La respuesta corta es que los safaris africanos conllevan riesgos reales, pero son manejables. Millones de viajeros visitan el este y el sur de África cada año sin ningún incidente. La clave está en entender cómo son realmente esos riesgos y cómo los operadores de confianza trabajan para minimizarlos.
Los riesgos de la fauna salvaje son reales, pero raramente como los imaginas
La mayoría de las personas se imagina un león cargando contra el vehículo. En la práctica, eso casi nunca ocurre. Los animales salvajes en reservas bien gestionadas están en gran medida habituados a los vehículos de safari y los tratan como parte del paisaje. Los guías con años de experiencia en el campo conocen el comportamiento animal lo suficiente como para leer las señales de advertencia mucho antes de que una situación se vuelva peligrosa.
Los riesgos genuinos tienden a surgir cuando se rompen las normas. Caminar fuera del campamento de noche sin un guía, acercarse a los animales a pie sin autorización o ignorar las instrucciones de un guardabosques puede generar problemas graves. Dentro de un vehículo, con un naturalista capacitado al volante, el nivel de peligro disminuye drásticamente.
La malaria es una preocupación más constante que cualquier encuentro con la fauna salvaje. La mayoría de los destinos de safari en Kenia y Tanzania se encuentran en zonas de malaria. Consulta a una clínica de medicina del viajero antes de partir, toma la profilaxis recomendada y usa repelente de insectos al amanecer y al atardecer. No es un consejo glamoroso, pero es el paso de seguridad más importante que la mayoría de los viajeros pasa por alto.
La exposición al sol y la deshidratación también sorprenden a muchos. Los recorridos de observación de fauna pueden durar de cuatro a seis horas en vehículos abiertos bajo el sol ecuatorial directo. Un sombrero, protector solar y una botella de agua llena son elementos básicos innegociables.
Cómo elegir un safari que priorice tu seguridad
La calidad del operador marca una diferencia enorme. Un guía con licencia y experiencia que trabaja en una reserva de renombre sigue protocolos de seguridad que han sido perfeccionados durante décadas. Informan a los huéspedes sobre las normas del campamento, saben qué áreas evitar en distintos momentos del día y llevan equipos de comunicación para emergencias.

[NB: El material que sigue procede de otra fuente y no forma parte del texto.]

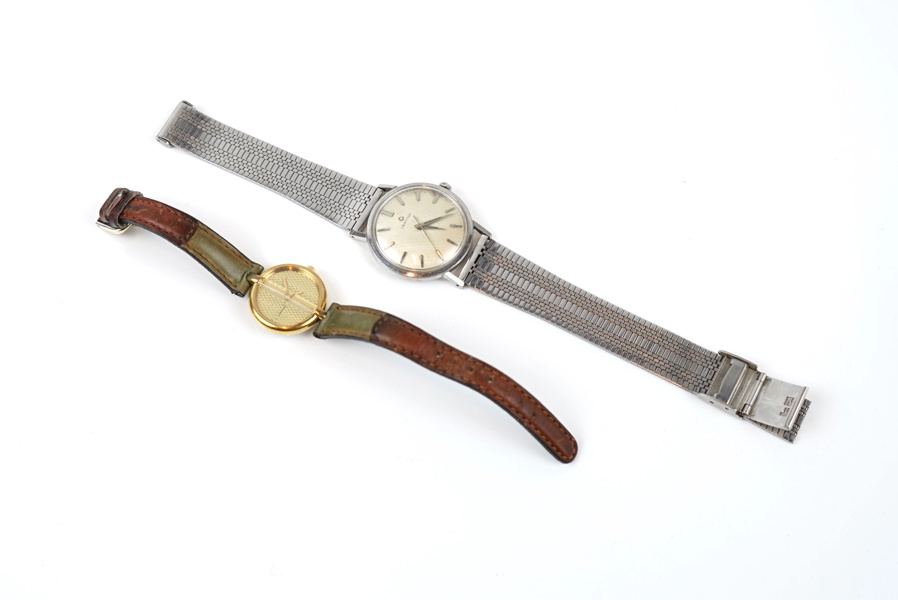 Armbandsur, 2 st, Rodolphe by Longines och Certina.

Al investigar viajes, busca operadores con guías certificados, protocolos de emergencia claros y vehículos en buen estado de mantenimiento. Un safari de lujo al Masái Mara desde Nairobi con un operador bien establecido, por ejemplo, te pone en manos de guías que conocen ese ecosistema de manera íntima y pueden leer el entorno en tiempo real.
El seguro de viaje no es opcional. Asegúrate de que tu póliza cubra la evacuación médica de emergencia. En zonas remotas de safari, el hospital más cercano puede estar a horas por carretera, pero un vuelo de evacuación médica puede llegar rápidamente si tienes el seguro en vigor.
Para quienes desean recorrer más territorio, los itinerarios más largos como un safari por Kenia y Tanzania atraviesan múltiples ecosistemas y fronteras. Estos viajes requieren una preparación adicional en cuanto a los requisitos sanitarios fronterizos y los avisos de viaje regionales, así que investiga con suficiente antelación antes de partir.
Los safaris africanos no están exentos de riesgo. Pero con el operador adecuado, la preparación correcta y un respeto sano por el entorno que estás visitando, se encuentran entre las experiencias de viaje más gratificantes del mundo. El peligro es lo suficientemente real como para tomarlo en serio, y lo suficientemente manejable como para no impedirte ir.